:: GOAL OF THE EXERCISE ::
Could you repeat the entries below exactly, but only from the line with "We ask for your" through the line with "That's pretty much", and without any picture?

:: GIVEN RECORDS ::
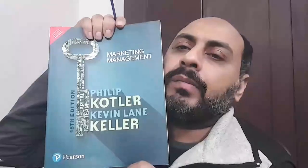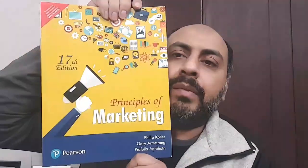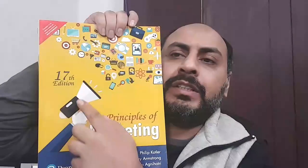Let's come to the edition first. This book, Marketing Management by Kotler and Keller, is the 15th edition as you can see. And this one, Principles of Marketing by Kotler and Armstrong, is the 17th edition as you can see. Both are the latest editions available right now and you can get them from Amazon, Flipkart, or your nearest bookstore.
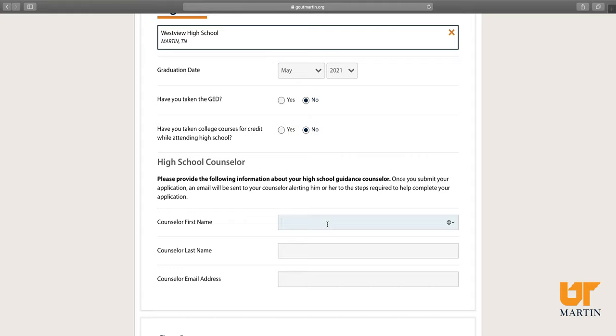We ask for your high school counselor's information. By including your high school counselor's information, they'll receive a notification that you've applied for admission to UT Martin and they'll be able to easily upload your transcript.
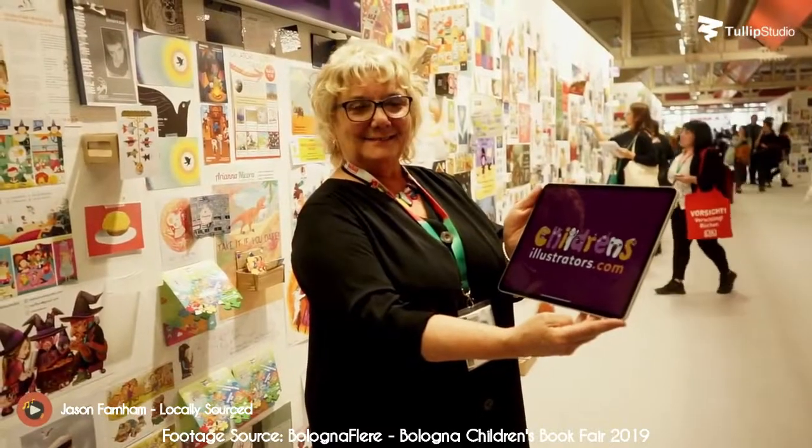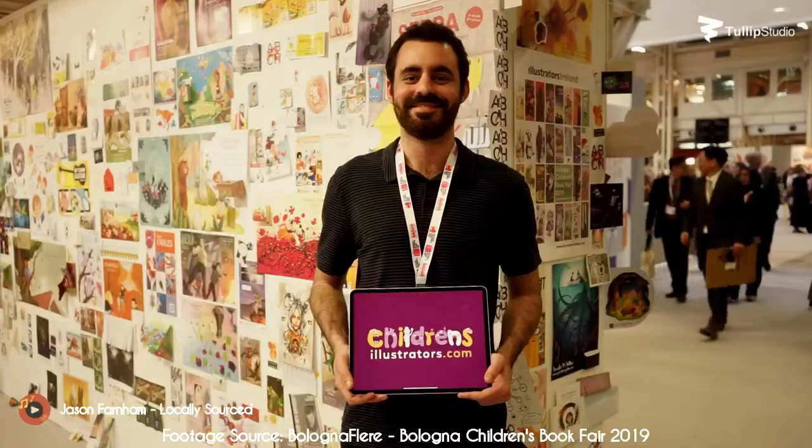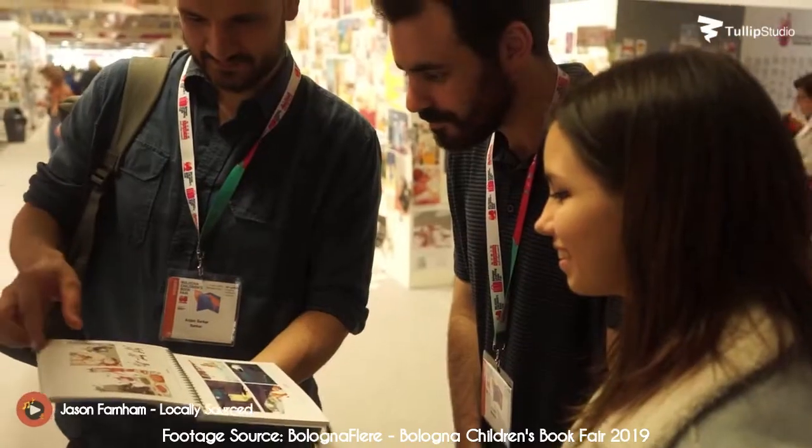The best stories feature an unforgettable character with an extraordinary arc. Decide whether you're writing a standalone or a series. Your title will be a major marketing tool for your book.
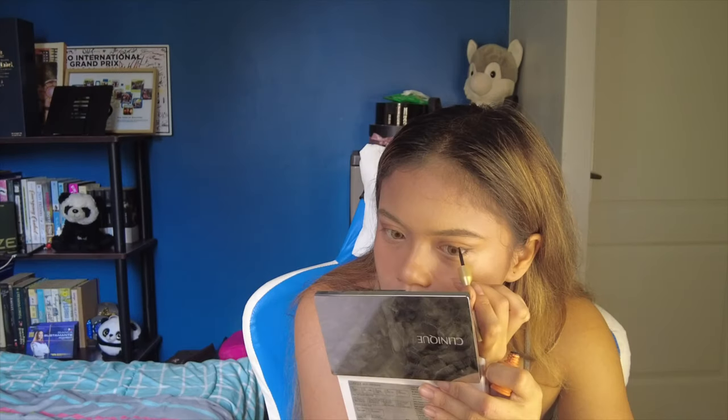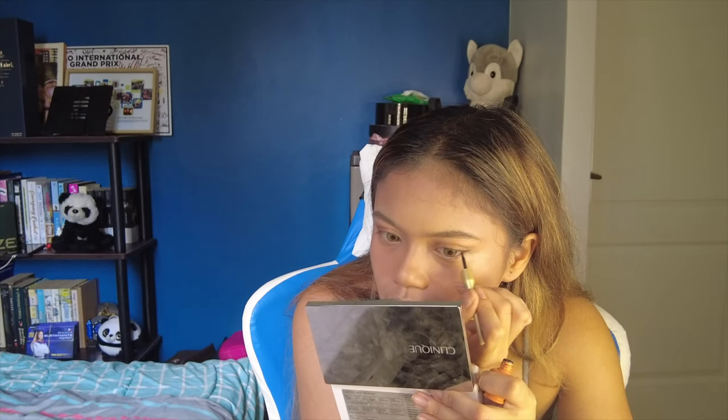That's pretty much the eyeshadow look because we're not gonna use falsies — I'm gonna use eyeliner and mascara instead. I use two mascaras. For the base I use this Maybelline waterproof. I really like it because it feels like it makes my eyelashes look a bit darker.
==
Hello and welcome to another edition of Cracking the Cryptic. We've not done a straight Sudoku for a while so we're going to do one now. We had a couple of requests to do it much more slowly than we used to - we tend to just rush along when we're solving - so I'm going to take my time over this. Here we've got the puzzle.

:: ANSWER ::
We ask for your high school counselor's information. By including your high school counselor's information, they'll receive a notification that you've applied for admission to UT Martin and they'll be able to easily upload your transcript.
The best stories feature an unforgettable character with an extraordinary arc. Decide whether you're writing a standalone or a series. Your title will be a major marketing tool for your book.
That's pretty much the eyeshadow look because we're not gonna use falsies — I'm gonna use eyeliner and mascara instead. I use two mascaras. For the base I use this Maybelline waterproof. I really like it because it feels like it makes my eyelashes look a bit darker.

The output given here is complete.